ArseniiBuhaiev/ua-g2p
LibraryA robust rule-based G2P (Grapheme-to-Phoneme) tool designed specifically for the Ukrainian language.
This is a robust G2P tool for representing Ukrainian orthographic text in three different types of transcription, handling abbreviations, pausation, clitics and stress ambiguity.
No GitHub topics on this repo.
- Python100.0%
1 Review
ua-g2p is a promising, tightly scoped Python library for Ukrainian grapheme-to-phoneme conversion. I like that it does not try to be a generic multilingual G2P wrapper; the rules, preprocessing, stress handling, clitic logic, and IPA/phonetic/phonematic outputs are clearly aimed at Ukrainian TTS and linguistic workflows. The public API is also pleasantly small: from ua_g2p import ProcessorG2P is easy to understand, and the README gives a useful first example with accentor="hybrid" and mode="ipa". The acknowledgements are well placed too, since the project builds on existing Ukrainian tokenization and stress tools instead of hiding those dependencies.
The main thing I would improve before expecting outside adoption is packaging and verification. setup.py installs num2words, ukrainian_word_stress, ua_text_stressifier, and tokenize_uk, but the preprocessor imports english_g2p, and requirements.txt includes extra dependencies such as spacy that are not reflected in the install metadata. A user installing with the README command may hit missing imports or model setup friction. The approbation folder is a good sign because it shows the author has started validating preprocessing behavior, and the included clitics report with 92.09% word accuracy is exactly the kind of evidence this project should surface. I would turn that into a normal test suite, add a CI workflow, and document how to reproduce the report.

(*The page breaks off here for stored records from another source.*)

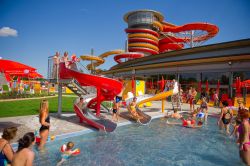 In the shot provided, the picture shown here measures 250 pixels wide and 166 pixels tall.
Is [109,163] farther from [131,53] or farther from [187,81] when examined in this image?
[131,53]

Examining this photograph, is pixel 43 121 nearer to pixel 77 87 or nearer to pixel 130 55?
pixel 77 87

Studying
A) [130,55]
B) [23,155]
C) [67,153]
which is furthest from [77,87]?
[130,55]

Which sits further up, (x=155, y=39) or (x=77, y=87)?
(x=155, y=39)

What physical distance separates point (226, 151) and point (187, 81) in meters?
20.1

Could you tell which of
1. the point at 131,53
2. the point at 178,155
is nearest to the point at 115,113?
the point at 178,155

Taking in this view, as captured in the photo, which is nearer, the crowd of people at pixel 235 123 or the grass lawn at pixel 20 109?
the crowd of people at pixel 235 123

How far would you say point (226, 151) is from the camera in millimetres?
7105

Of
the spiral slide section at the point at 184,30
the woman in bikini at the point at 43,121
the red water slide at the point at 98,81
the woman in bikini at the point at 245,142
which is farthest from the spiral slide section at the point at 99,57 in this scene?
the woman in bikini at the point at 245,142

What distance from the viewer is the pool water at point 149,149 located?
5.80 meters

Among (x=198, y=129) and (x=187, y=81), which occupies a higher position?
(x=187, y=81)

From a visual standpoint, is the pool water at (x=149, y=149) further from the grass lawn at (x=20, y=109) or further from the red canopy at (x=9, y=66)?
the grass lawn at (x=20, y=109)

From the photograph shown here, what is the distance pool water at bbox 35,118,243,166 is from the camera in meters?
5.80

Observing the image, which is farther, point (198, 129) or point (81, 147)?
point (198, 129)

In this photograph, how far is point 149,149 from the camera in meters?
6.98
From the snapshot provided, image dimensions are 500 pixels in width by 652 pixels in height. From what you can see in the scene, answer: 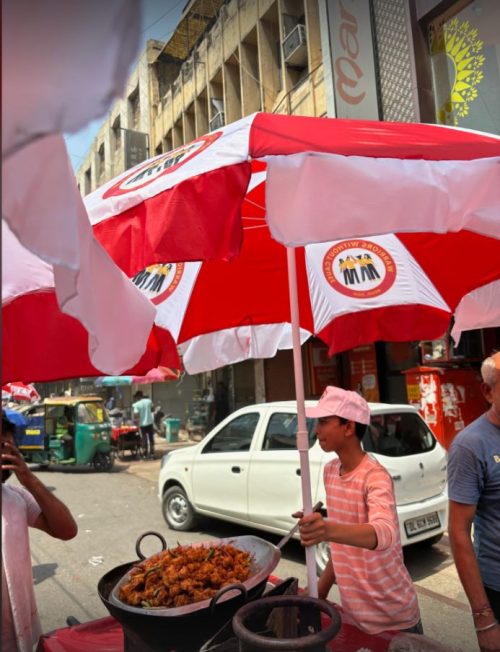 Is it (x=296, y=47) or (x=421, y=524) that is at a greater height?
(x=296, y=47)

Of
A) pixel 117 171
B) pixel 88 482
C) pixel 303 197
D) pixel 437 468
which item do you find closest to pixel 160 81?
pixel 117 171

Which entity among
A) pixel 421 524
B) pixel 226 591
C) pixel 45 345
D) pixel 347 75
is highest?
pixel 347 75

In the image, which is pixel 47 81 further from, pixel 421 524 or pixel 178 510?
pixel 178 510

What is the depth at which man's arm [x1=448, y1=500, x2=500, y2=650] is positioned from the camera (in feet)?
7.32

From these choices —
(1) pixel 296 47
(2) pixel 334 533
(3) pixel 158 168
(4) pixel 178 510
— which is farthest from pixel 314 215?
(1) pixel 296 47

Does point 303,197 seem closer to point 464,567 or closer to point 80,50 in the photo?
point 80,50

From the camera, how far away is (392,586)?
236 cm

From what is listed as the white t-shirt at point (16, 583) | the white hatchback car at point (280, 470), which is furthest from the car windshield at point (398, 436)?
the white t-shirt at point (16, 583)

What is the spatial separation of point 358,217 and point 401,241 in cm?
203

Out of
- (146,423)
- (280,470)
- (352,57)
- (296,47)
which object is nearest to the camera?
(280,470)

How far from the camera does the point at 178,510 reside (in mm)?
7746

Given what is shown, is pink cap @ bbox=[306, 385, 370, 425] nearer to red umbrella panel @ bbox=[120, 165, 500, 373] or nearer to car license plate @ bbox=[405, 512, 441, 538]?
red umbrella panel @ bbox=[120, 165, 500, 373]

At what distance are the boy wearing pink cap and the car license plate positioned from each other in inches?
122

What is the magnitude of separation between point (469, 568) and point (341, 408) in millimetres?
912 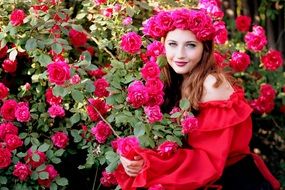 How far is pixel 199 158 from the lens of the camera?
112 inches

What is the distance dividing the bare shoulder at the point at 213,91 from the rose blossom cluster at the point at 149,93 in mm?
234

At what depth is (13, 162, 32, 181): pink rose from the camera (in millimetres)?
3025

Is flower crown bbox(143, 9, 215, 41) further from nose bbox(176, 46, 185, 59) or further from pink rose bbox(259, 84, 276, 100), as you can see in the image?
pink rose bbox(259, 84, 276, 100)

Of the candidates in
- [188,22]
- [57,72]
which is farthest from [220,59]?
[57,72]

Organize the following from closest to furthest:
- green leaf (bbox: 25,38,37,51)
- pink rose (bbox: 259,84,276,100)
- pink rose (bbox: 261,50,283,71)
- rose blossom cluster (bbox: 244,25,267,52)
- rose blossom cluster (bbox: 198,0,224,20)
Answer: green leaf (bbox: 25,38,37,51) → rose blossom cluster (bbox: 198,0,224,20) → rose blossom cluster (bbox: 244,25,267,52) → pink rose (bbox: 261,50,283,71) → pink rose (bbox: 259,84,276,100)

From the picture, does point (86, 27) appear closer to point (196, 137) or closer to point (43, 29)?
point (43, 29)

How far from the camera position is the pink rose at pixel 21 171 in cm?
303

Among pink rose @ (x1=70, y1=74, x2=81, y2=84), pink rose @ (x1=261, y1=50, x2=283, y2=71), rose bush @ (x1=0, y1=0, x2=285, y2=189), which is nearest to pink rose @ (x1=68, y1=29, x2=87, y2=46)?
rose bush @ (x1=0, y1=0, x2=285, y2=189)

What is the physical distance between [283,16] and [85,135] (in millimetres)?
2417

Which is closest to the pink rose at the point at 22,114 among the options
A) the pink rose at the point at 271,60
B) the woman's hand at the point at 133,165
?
the woman's hand at the point at 133,165

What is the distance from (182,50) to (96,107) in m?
0.53

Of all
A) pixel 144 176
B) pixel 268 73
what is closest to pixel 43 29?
pixel 144 176

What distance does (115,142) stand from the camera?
305cm

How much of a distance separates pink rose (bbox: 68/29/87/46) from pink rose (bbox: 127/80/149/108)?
81 centimetres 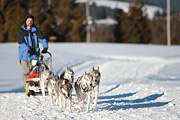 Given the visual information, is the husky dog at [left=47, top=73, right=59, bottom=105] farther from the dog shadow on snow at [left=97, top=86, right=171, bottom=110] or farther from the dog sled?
the dog shadow on snow at [left=97, top=86, right=171, bottom=110]

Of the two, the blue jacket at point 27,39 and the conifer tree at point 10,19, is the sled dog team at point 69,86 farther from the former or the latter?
the conifer tree at point 10,19

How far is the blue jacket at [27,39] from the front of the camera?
26.0 feet

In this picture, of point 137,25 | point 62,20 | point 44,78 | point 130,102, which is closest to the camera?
point 44,78

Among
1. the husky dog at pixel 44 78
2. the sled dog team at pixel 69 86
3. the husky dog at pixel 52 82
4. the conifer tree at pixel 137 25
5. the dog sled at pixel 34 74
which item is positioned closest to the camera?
the sled dog team at pixel 69 86

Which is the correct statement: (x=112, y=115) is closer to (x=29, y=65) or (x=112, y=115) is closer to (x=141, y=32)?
(x=29, y=65)

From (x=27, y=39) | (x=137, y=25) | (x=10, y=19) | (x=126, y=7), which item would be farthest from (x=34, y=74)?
(x=126, y=7)

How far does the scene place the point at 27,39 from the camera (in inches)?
317

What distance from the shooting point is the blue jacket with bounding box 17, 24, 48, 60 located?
7.93 meters

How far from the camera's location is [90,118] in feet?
18.6

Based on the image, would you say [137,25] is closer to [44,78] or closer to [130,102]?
[130,102]

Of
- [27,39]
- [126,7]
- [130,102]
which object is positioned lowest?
[130,102]

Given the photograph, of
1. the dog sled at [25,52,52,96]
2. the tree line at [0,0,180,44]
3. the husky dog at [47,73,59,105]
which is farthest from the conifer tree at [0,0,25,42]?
the husky dog at [47,73,59,105]

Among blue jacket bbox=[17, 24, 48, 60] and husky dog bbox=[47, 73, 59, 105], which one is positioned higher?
blue jacket bbox=[17, 24, 48, 60]

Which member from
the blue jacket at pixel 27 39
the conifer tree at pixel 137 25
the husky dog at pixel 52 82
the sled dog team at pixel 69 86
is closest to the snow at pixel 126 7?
the conifer tree at pixel 137 25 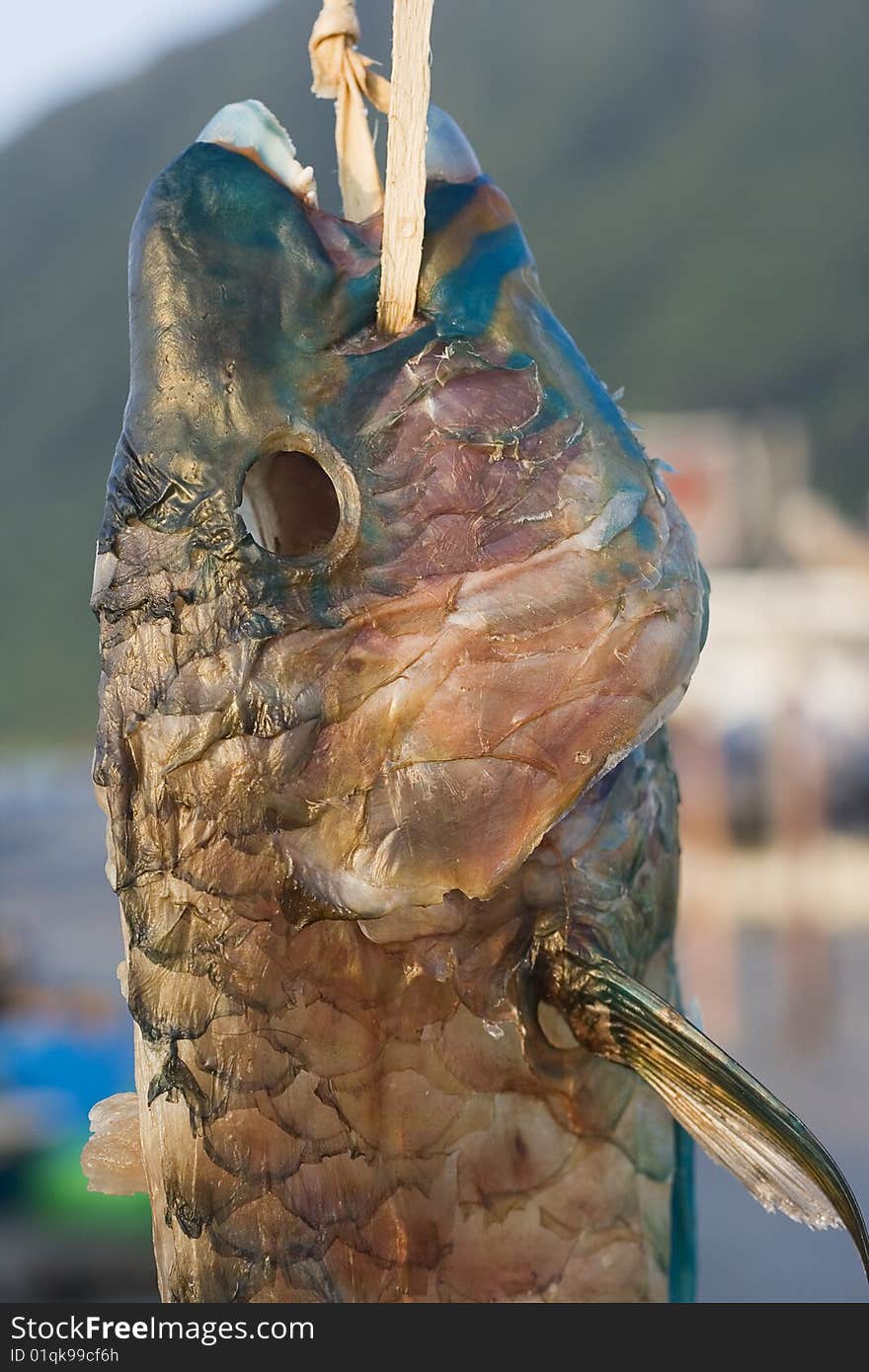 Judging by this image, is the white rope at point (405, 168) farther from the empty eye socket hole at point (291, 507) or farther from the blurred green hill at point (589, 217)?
the blurred green hill at point (589, 217)

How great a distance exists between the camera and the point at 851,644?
1145 centimetres

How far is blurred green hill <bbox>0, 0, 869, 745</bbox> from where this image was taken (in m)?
46.5

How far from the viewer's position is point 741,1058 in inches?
316

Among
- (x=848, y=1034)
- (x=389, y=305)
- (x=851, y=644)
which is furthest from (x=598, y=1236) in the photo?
(x=851, y=644)

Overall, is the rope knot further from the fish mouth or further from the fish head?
the fish head

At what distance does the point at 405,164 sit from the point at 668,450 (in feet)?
21.1

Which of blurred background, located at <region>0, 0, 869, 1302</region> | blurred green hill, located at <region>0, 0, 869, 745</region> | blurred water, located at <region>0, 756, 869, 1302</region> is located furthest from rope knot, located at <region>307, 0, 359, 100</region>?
blurred green hill, located at <region>0, 0, 869, 745</region>

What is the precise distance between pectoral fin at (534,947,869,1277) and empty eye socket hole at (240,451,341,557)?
0.43 meters

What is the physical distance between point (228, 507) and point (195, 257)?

The rule configuration is substantial and domain-specific, which is the repository’s strongest asset. To make it easier to maintain, I would add comments or references for the trickier assimilation and stress rules, plus a few before/after examples for edge cases such as abbreviations, English input, punctuation pauses, enclitics, and proclitics. The Creative Commons BY-NC license may also discourage code reuse in commercial TTS/NLP projects, so it would be worth clarifying whether that restriction is intentional for both code and data. Overall, this is a useful early-stage Ukrainian NLP tool with a clear niche; tightening install reliability, tests, and documentation would make it much easier for researchers and speech developers to trust.